_Task_: Go through the material and copy every line in which "with" appears.

_Records provided_:
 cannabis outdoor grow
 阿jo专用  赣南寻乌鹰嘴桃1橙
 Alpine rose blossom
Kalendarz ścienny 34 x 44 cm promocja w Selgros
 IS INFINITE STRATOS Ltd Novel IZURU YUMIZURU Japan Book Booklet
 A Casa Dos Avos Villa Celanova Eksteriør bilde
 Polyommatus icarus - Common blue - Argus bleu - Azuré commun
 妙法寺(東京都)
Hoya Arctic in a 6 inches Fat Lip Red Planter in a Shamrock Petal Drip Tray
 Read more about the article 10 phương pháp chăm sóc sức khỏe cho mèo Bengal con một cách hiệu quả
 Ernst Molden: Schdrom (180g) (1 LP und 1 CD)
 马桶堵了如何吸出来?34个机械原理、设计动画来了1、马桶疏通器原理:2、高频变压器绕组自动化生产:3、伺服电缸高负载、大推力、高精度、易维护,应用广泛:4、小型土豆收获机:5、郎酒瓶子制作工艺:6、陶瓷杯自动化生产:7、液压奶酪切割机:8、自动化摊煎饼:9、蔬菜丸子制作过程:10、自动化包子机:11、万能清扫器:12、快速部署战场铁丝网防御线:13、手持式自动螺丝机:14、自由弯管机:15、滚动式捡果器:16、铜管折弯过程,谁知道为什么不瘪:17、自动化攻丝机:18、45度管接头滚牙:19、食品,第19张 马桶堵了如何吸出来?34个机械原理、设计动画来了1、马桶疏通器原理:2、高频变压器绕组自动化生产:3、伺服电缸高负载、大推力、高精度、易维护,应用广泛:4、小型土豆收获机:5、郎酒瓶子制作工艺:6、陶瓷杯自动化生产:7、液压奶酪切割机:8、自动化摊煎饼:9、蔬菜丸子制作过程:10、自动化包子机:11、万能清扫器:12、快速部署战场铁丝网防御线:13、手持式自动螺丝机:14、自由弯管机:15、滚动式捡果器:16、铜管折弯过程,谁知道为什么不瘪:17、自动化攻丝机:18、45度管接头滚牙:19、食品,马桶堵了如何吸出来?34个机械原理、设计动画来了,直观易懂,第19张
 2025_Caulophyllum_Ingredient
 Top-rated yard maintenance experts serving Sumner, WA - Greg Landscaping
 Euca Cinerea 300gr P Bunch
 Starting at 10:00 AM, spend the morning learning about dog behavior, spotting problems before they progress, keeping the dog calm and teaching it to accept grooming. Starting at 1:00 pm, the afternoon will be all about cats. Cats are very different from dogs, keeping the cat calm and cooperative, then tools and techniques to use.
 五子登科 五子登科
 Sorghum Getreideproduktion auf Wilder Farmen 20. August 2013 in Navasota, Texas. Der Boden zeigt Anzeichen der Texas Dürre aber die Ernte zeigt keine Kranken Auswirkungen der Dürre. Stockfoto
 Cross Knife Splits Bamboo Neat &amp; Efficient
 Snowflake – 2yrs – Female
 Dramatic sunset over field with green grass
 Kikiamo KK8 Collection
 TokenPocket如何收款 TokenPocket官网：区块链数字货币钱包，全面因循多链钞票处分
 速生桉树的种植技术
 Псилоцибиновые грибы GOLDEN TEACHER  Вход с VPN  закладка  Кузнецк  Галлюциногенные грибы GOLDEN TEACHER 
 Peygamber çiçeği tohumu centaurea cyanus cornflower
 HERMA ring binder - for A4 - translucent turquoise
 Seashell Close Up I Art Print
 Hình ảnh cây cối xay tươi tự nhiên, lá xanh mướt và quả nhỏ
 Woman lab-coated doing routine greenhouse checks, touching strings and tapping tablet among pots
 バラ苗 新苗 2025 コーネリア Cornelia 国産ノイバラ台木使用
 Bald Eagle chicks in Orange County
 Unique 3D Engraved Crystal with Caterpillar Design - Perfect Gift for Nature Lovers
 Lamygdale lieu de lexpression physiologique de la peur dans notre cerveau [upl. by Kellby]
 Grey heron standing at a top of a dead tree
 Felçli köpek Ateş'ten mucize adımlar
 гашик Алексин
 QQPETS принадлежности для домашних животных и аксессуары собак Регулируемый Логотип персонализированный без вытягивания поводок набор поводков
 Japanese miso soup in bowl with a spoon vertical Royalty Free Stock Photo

_Response_:
 Dramatic sunset over field with green grass
 Unique 3D Engraved Crystal with Caterpillar Design - Perfect Gift for Nature Lovers
 Japanese miso soup in bowl with a spoon vertical Royalty Free Stock Photo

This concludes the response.